Abstract
Ataxia telangiectasia mutated (ATM) is a central kinase that activates an extensive network of responses to cellular stress via a signaling role. ATM is activated by DNA double strand breaks (DSBs) and by oxidative stress, subsequently phosphorylating a plethora of target proteins. In the last several decades, newly developed molecular biological techniques have uncovered multiple roles of ATM in response to DNA damage—e.g., DSB repair, cell cycle checkpoint arrest, apoptosis, and transcription arrest. Combinational dysfunction of these stress responses impairs the accuracy of repair, consequently leading to dramatic sensitivity to ionizing radiation (IR) in ataxia telangiectasia (A-T) cells.

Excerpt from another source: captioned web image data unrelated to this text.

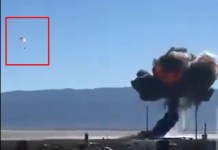 Two F-16 Stories, One Wild Week: Thunderbirds Jet Explodes In Mojave, Pilot Survives; Another Fighter Pilot Gets Silver Star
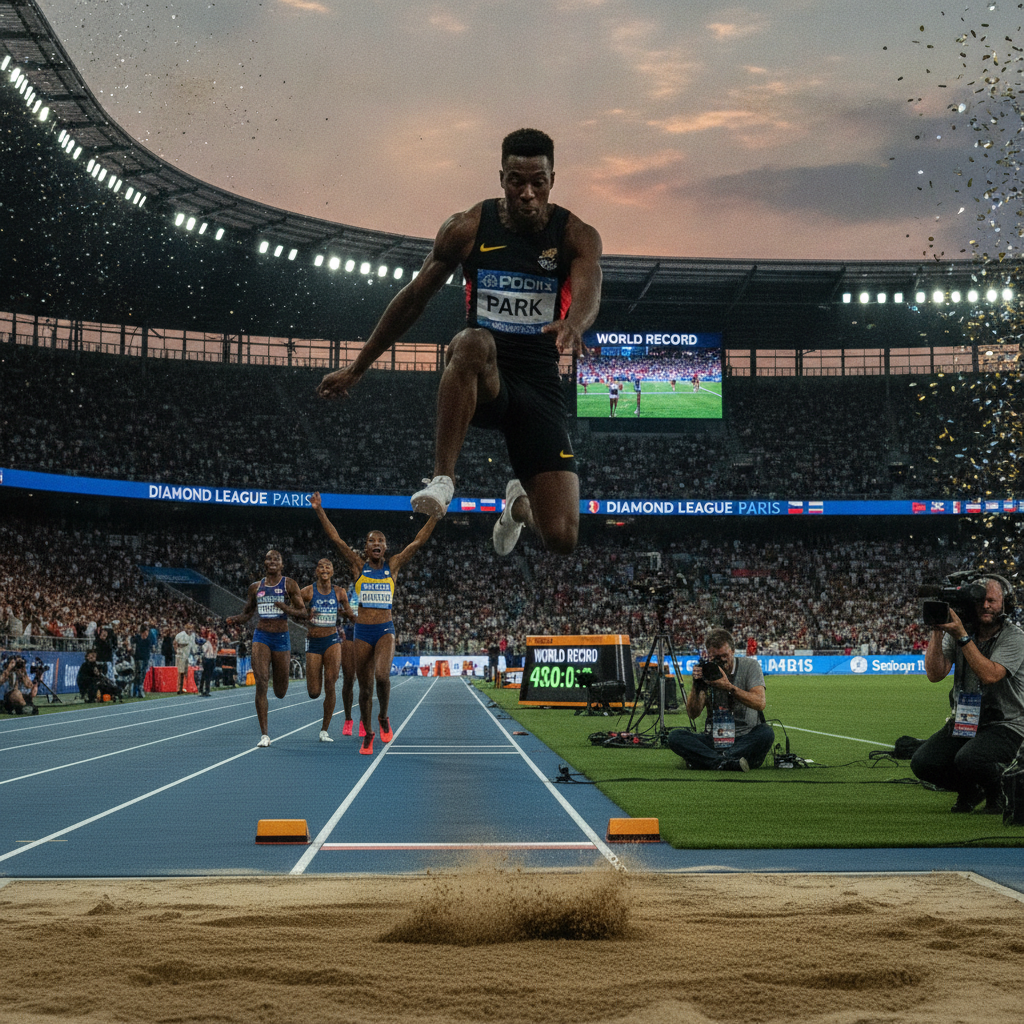Diamond League Paris: Recordes e Vitórias Inesperadas!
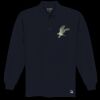 Port Authority® - Long Sleeve Pique Knit Polo. K320  Thumbnail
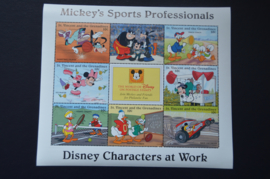 MICKEY ST. VINCENT AAN HET WERK POSTFRIS ++ M3 - 51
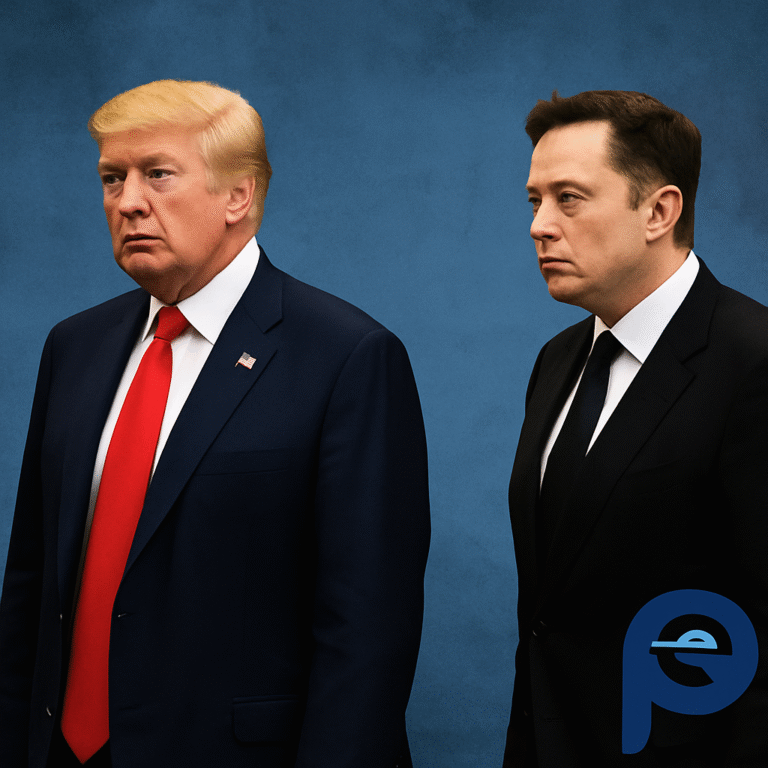 Se rompe la alianza Trump–Musk: del elogio mutuo a una guerra política abierta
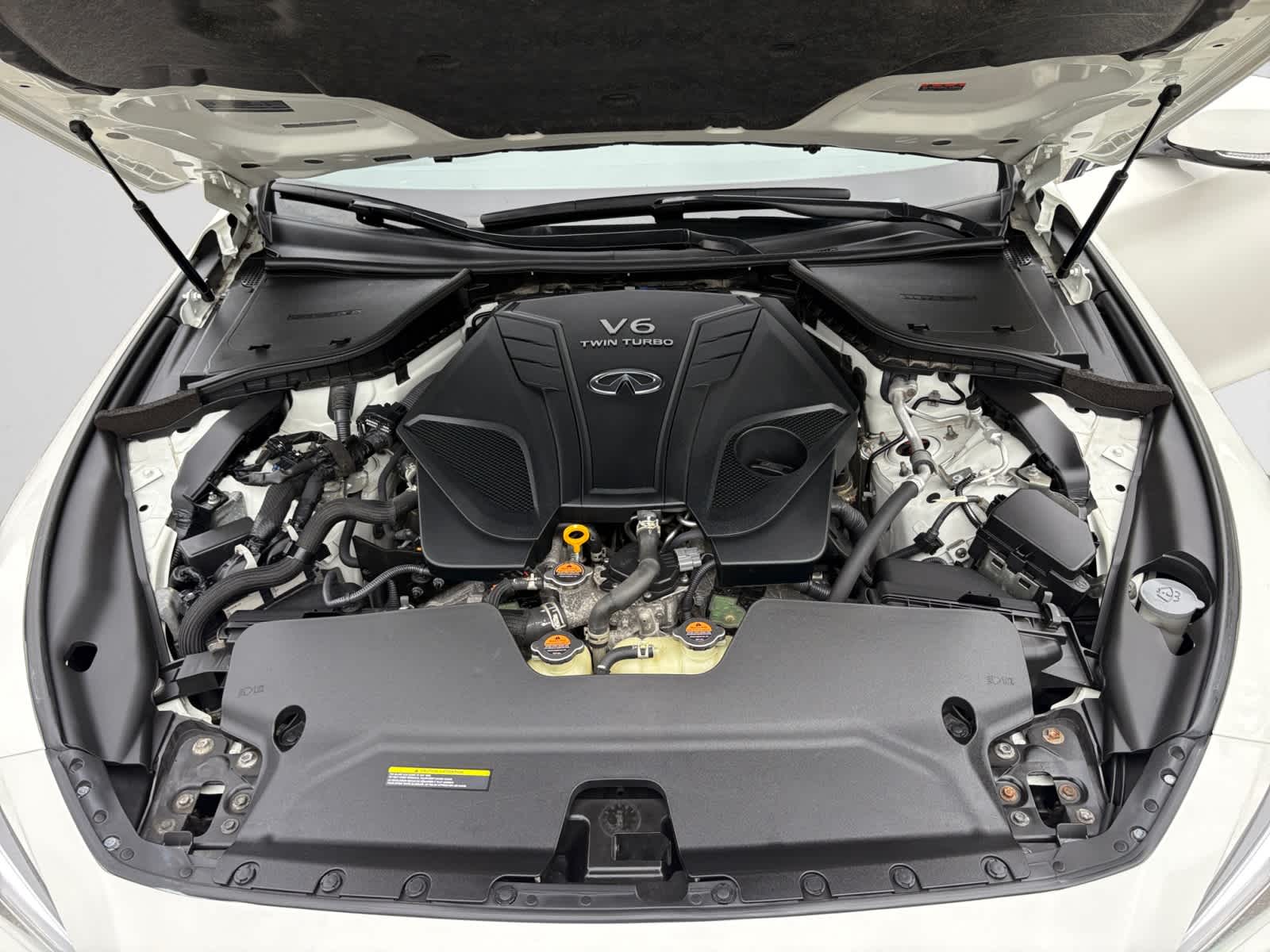 used 2022 INFINITI Q50 car, priced at $27,698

In this review, we summarize the roles of ATM that focus on DSB repair.
Highlights
Ataxia telangiectasia (A-T) was identified as a human disorder displaying radiosensitivity at both the cellular and clinical level in 1975 [1], and was amongst the first of the DNA damage response disorders to be characterised
Dramatic sensitivity to ionising radiation (IR) and to radiomimetic drugs was evident in that first and additional early reports with cells derived from A-T individuals displaying marked sensitivity to cell killing and to chromosome aberrations, subsequent studies failed to reveal any significant defect in the repair of DNA double strand breaks (DSBs), the main lethal lesion induced by IR exposure [2]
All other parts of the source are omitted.